# Aggressive billy



## jseretny (Jan 27, 2013)

I have a billy I've had him for a year now, he will be about 18 months in total, he is becoming more and more aggressive, it is mating season which is understandable. He was my exes and now it is just me to look after him, being female it's probaly a lot more dangerous, he has given me a couple of bruises even tho I am always very careful when near him. He is tethered in the summer and bought into a pen in the winter. A few people have given me ideas some of them extreme just need a bit of advice.....
I tried flipping and sitting on him but didn't seem to work and now he is too big to attempt. He is a saneen by the way.
Someone else suggests spraying him face with water when he starts acting up,
Someone else suggest using a shock dog training collar

And finally my French neighbour offered to removed his horns. This is extreme and from what I've read very painful. 

Help. He was lovely and still is sometimes, I try to spend time with him and he lets me stoke him and approach it is just tryin to teach him I am boss.


----------



## ksalvagno (Oct 6, 2009)

Start with the water bottle and spray him. The shock collar was also a good idea.


----------



## mjs500doo (Nov 24, 2012)

With horns on, that's always a no no in my book and I either pass or cut em off ourselves and dehorn (burn) to follow. 

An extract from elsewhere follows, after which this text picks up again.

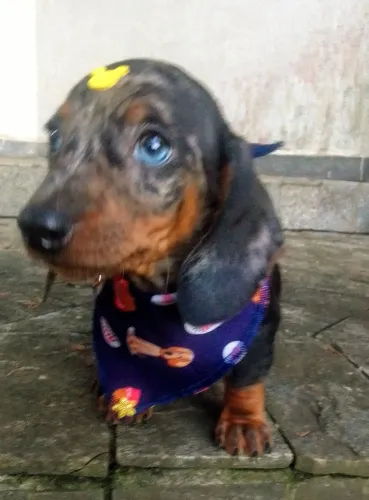 BASSET MINI TECKEL ÚLTIMO LINDO MACHO PARC/10X ENTREGO HOJE DEIXE SEU ZAP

Spraying sometimes works, sometimes not. Depends on WHY he's aggressive. You need to get to the bottom of that first. 

Otherwise just keep a crop, switch, or stick with ya and learn how to use it. Attitude is a good reason to get the boot in my book, but we normally give them a chance to change the attitude. 

Another option is separation. From sight, smell, ear shot, in the corner of your property. Don't pay any attention to him. Don't even talk. Throw the hay in the feeder, pour him water, and give grain. No more. Normally isolation works wonders on attitudes!


----------



## jseretny (Jan 27, 2013)

Dehorn at his age would be painful wouldn't it and very likely to be infected.

He can't be lonely he tethered next to his son and there are other goats and sheep nearby. If I go see him without food to distract him that's when he is agreesive makes it hard to untangle and difficult to move.

His is Cedrick thought it put a face to discussion


----------



## goatfarmergirl (Jul 3, 2011)

Wow, he's huge.

You need to teach him who is boss. The goats will fight until the order is settled and the herd queen is decided. when ever he attacks you, you can try grabbing his horns and then give his ear a sharp tug.
Or when he attacks you try grabbing his horns and petting him.
I have this Alpine doe that is agressive. When she attacks you all you need to do is grab her horns and start petting her. She stops then.
It might work on him.
Good luck.


----------



## mjs500doo (Nov 24, 2012)

Painful, yes for a bit. So far we have dehorned 28 goats for others and ourselves over 2 years of age. Infected, typically no. The worst part is restraint. By the time they realize they're not getting out of the restraint it's snip, pull, burn. really only a 5 minute process. Shockingly as well, many owners make that comment-how fast it was. The horns are off so quickly I really mean that. When we're done I like to give them some Banamine in the vein followed by IM. Vitamin B Complex given. Important attentive aftercare is needed. I recommend aspirin when done bleeding and good scab. Your vet would have the same procedure except the goat would under anesthetic. Anesthetic is hard on a goat, and I actually prefer to keep them on their feet. With a buck, you want to make sure he's out of rut before even considering. 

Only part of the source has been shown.